Most local authorities did this prudently and in small scale, but Hammersmith and Fulham went to town. They had 6 billion quid in notional, all on the same side of the market, by the time the local district auditor Tony Hazell twigged and sought court review of the enforceability of the contracts, and joined the banks as co-defendants.

Judgment

Cut to the chase: It got to the house of lords.

Lord Templeman found the various swaps fell into three categories.

  • Purely speculative. These banks conceded that these were unlawful.
  • Parallel contracts”: Those relating to existing loan designed to capitalise upon changes in interest rates. These were also speculative in nature, but did relate to an existing loan exposure of the local authority, which Lord Templeman called “parallel contracts” or “replacing” interest rates. Here “the swap transaction is a speculation no different in quality although different in magnitude from a swap contract which is not entered into by reference to any existing borrowing”.
  • Re-profiling”: Swaps relating to an existing loan, intended to alter the proportion of the interest which was paid on either a fixed or variable basis. Lord Templeman thought these were largely indistinguishable from parallel contracts.

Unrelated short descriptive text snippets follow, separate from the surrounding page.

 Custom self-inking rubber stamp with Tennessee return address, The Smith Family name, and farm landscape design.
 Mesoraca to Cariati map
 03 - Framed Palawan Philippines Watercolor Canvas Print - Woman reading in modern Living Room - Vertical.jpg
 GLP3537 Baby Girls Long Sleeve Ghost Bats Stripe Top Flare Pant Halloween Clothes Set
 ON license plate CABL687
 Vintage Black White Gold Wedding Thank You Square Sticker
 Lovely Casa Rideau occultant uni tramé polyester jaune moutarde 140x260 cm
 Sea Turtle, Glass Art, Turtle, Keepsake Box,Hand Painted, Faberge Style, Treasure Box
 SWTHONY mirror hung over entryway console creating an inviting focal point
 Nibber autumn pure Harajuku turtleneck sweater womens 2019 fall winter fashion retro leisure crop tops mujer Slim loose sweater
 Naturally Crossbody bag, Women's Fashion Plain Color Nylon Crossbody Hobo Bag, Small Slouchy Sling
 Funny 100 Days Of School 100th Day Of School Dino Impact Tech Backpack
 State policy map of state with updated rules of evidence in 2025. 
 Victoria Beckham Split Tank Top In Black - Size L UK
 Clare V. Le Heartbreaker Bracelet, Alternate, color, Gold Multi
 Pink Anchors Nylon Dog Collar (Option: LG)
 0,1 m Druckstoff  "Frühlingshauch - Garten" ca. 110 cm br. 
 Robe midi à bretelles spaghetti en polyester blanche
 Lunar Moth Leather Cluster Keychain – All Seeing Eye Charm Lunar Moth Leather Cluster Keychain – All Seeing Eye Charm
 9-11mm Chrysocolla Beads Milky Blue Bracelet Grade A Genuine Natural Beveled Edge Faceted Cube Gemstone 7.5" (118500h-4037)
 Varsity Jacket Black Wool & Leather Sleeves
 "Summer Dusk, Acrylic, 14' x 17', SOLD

Having almost immediately stated that all swaps were, in his view, conceptually the same as the types of swap which the banks had admitted were unlawful, Lord Templeman then explored the limits of the powers of local authorities under the Local Government Act 1972. Again, cutting to the chase, he said, “In the result, I am of the opinion that a local authority has no power to enter into a swap transaction.”

Ouch ouch ouch, investment banking dudes.

Cue a torrent of litigation from local authorities across the land to recover swaps losses.